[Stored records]

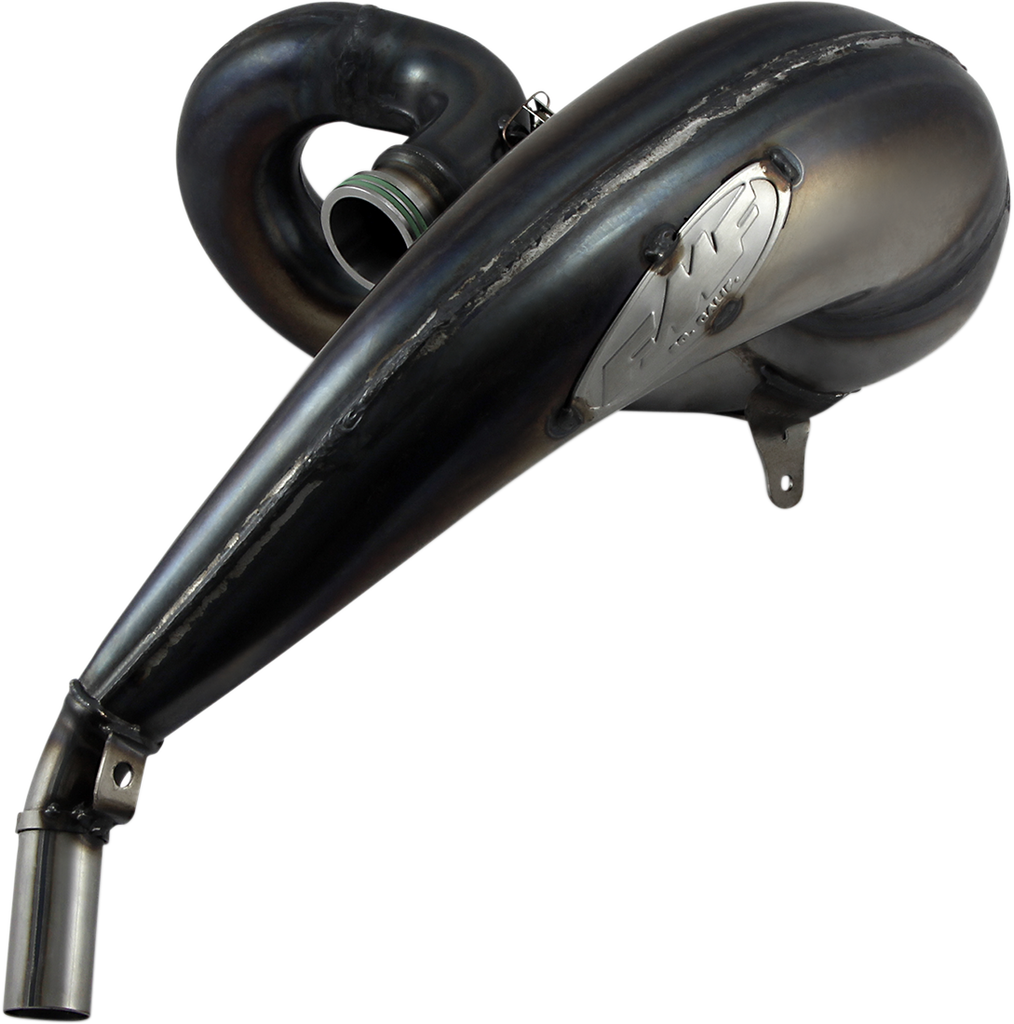 FMF Factory Fatty Pipe - '13-'19 RR250/300 025157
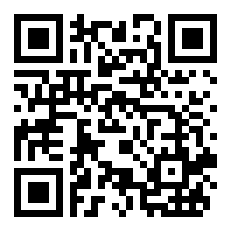 大型充气滑梯需要每天放气（大型客机逃生用充气滑梯还是旋梯）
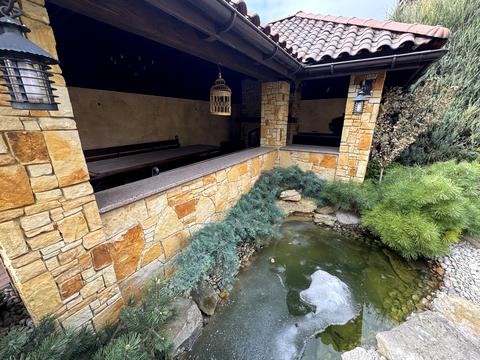 будинок за адресою 2-й Мирослава Скорика пров., 2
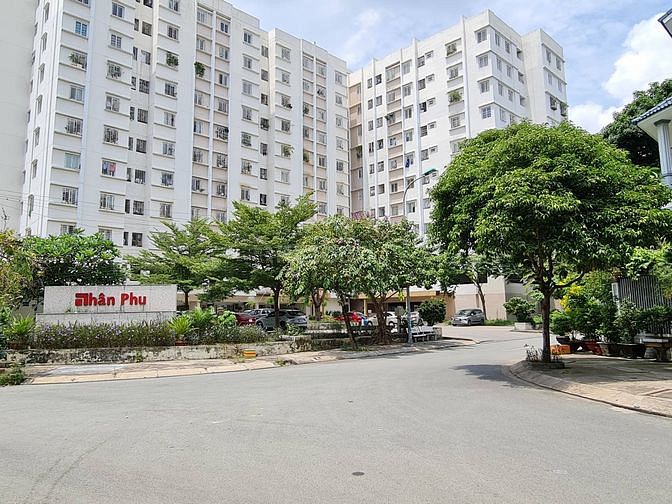 Siêu hót nhà 1 TL 2 Lầu 93m2 MT Kinh Doanh Víp  Nhất Quận 9  Nhỉnh 9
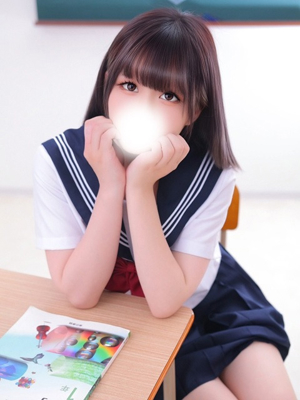 るる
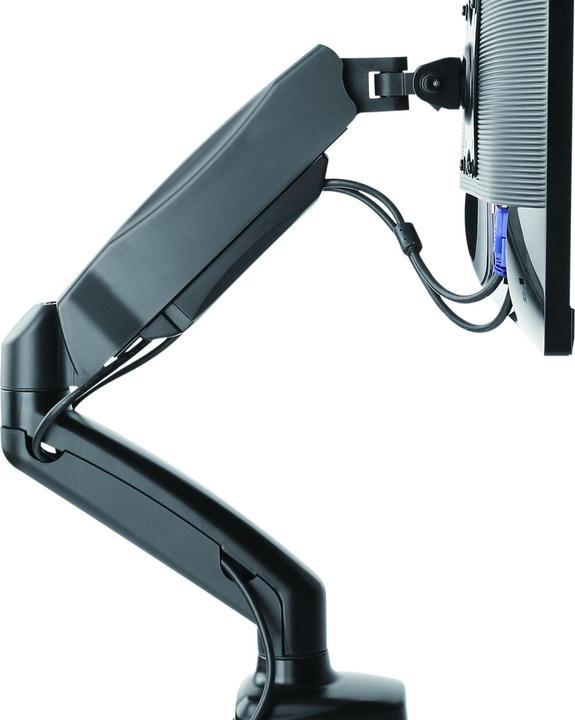 Produktbild Icy Box IB-MS303-T (Tisch, 27")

**THE PROBLEM**
Write out all of the records above. Keep them exact and leave out the pictures.

**EXPECTED ANSWER**
 FMF Factory Fatty Pipe - '13-'19 RR250/300 025157
 大型充气滑梯需要每天放气（大型客机逃生用充气滑梯还是旋梯）
 будинок за адресою 2-й Мирослава Скорика пров., 2
 Siêu hót nhà 1 TL 2 Lầu 93m2 MT Kinh Doanh Víp  Nhất Quận 9  Nhỉnh 9
 るる
 Produktbild Icy Box IB-MS303-T (Tisch, 27")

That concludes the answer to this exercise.